**EXERCISE AIM**. Using the data below, return the stretch from the line that contains "Double-Breasted Belted Trench" through the line that contains "Given: AX bisects", both included, exactly as it stands and nothing beyond it.

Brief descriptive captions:
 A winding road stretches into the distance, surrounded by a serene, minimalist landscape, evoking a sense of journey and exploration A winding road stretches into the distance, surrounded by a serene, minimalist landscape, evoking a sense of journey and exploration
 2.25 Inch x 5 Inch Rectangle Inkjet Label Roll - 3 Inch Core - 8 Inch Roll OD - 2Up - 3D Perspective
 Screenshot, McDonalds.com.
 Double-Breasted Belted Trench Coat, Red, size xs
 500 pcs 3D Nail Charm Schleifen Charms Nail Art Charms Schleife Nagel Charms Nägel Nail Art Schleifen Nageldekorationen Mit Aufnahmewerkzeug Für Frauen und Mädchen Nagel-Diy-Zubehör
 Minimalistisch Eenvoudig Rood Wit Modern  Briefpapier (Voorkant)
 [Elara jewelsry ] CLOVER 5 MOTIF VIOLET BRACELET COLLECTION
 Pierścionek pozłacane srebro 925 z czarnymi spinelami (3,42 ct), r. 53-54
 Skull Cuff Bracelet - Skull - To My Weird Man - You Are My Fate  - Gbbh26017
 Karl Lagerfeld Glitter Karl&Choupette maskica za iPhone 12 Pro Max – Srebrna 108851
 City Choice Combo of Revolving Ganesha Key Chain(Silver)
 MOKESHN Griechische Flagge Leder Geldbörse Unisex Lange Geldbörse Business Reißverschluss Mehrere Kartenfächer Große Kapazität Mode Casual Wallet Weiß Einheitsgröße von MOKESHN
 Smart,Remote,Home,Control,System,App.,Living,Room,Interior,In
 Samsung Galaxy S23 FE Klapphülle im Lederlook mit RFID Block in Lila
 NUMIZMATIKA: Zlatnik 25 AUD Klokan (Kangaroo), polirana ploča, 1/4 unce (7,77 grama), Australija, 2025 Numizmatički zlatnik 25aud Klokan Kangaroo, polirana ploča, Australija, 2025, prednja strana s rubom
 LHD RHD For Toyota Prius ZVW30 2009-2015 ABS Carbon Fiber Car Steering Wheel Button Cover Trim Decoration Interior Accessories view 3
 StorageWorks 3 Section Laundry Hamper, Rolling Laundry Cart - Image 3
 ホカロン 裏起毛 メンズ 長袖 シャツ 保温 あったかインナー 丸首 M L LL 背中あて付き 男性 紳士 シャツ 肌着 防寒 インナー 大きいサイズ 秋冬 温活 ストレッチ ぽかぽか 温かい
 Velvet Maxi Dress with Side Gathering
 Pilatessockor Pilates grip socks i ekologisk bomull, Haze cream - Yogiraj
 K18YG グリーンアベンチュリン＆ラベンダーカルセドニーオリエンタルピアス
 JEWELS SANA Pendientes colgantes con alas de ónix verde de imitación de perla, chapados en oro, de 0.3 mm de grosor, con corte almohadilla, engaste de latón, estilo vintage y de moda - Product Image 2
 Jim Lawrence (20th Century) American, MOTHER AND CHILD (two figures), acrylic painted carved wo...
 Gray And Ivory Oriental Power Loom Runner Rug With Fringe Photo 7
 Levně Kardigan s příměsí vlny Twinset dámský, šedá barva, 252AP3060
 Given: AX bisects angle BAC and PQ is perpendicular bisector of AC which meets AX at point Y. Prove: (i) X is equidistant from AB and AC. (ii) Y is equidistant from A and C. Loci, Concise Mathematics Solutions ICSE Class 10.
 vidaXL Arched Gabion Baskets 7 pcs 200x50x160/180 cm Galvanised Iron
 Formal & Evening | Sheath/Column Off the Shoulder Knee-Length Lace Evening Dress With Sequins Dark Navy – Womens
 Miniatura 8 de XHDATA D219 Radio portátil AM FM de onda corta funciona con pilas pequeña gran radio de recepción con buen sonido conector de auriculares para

**ANSWER SECTION**.
 Double-Breasted Belted Trench Coat, Red, size xs
 500 pcs 3D Nail Charm Schleifen Charms Nail Art Charms Schleife Nagel Charms Nägel Nail Art Schleifen Nageldekorationen Mit Aufnahmewerkzeug Für Frauen und Mädchen Nagel-Diy-Zubehör
 Minimalistisch Eenvoudig Rood Wit Modern  Briefpapier (Voorkant)
 [Elara jewelsry ] CLOVER 5 MOTIF VIOLET BRACELET COLLECTION
 Pierścionek pozłacane srebro 925 z czarnymi spinelami (3,42 ct), r. 53-54
 Skull Cuff Bracelet - Skull - To My Weird Man - You Are My Fate  - Gbbh26017
 Karl Lagerfeld Glitter Karl&Choupette maskica za iPhone 12 Pro Max – Srebrna 108851
 City Choice Combo of Revolving Ganesha Key Chain(Silver)
 MOKESHN Griechische Flagge Leder Geldbörse Unisex Lange Geldbörse Business Reißverschluss Mehrere Kartenfächer Große Kapazität Mode Casual Wallet Weiß Einheitsgröße von MOKESHN
 Smart,Remote,Home,Control,System,App.,Living,Room,Interior,In
 Samsung Galaxy S23 FE Klapphülle im Lederlook mit RFID Block in Lila
 NUMIZMATIKA: Zlatnik 25 AUD Klokan (Kangaroo), polirana ploča, 1/4 unce (7,77 grama), Australija, 2025 Numizmatički zlatnik 25aud Klokan Kangaroo, polirana ploča, Australija, 2025, prednja strana s rubom
 LHD RHD For Toyota Prius ZVW30 2009-2015 ABS Carbon Fiber Car Steering Wheel Button Cover Trim Decoration Interior Accessories view 3
 StorageWorks 3 Section Laundry Hamper, Rolling Laundry Cart - Image 3
 ホカロン 裏起毛 メンズ 長袖 シャツ 保温 あったかインナー 丸首 M L LL 背中あて付き 男性 紳士 シャツ 肌着 防寒 インナー 大きいサイズ 秋冬 温活 ストレッチ ぽかぽか 温かい
 Velvet Maxi Dress with Side Gathering
 Pilatessockor Pilates grip socks i ekologisk bomull, Haze cream - Yogiraj
 K18YG グリーンアベンチュリン＆ラベンダーカルセドニーオリエンタルピアス
 JEWELS SANA Pendientes colgantes con alas de ónix verde de imitación de perla, chapados en oro, de 0.3 mm de grosor, con corte almohadilla, engaste de latón, estilo vintage y de moda - Product Image 2
 Jim Lawrence (20th Century) American, MOTHER AND CHILD (two figures), acrylic painted carved wo...
 Gray And Ivory Oriental Power Loom Runner Rug With Fringe Photo 7
 Levně Kardigan s příměsí vlny Twinset dámský, šedá barva, 252AP3060
 Given: AX bisects angle BAC and PQ is perpendicular bisector of AC which meets AX at point Y. Prove: (i) X is equidistant from AB and AC. (ii) Y is equidistant from A and C. Loci, Concise Mathematics Solutions ICSE Class 10.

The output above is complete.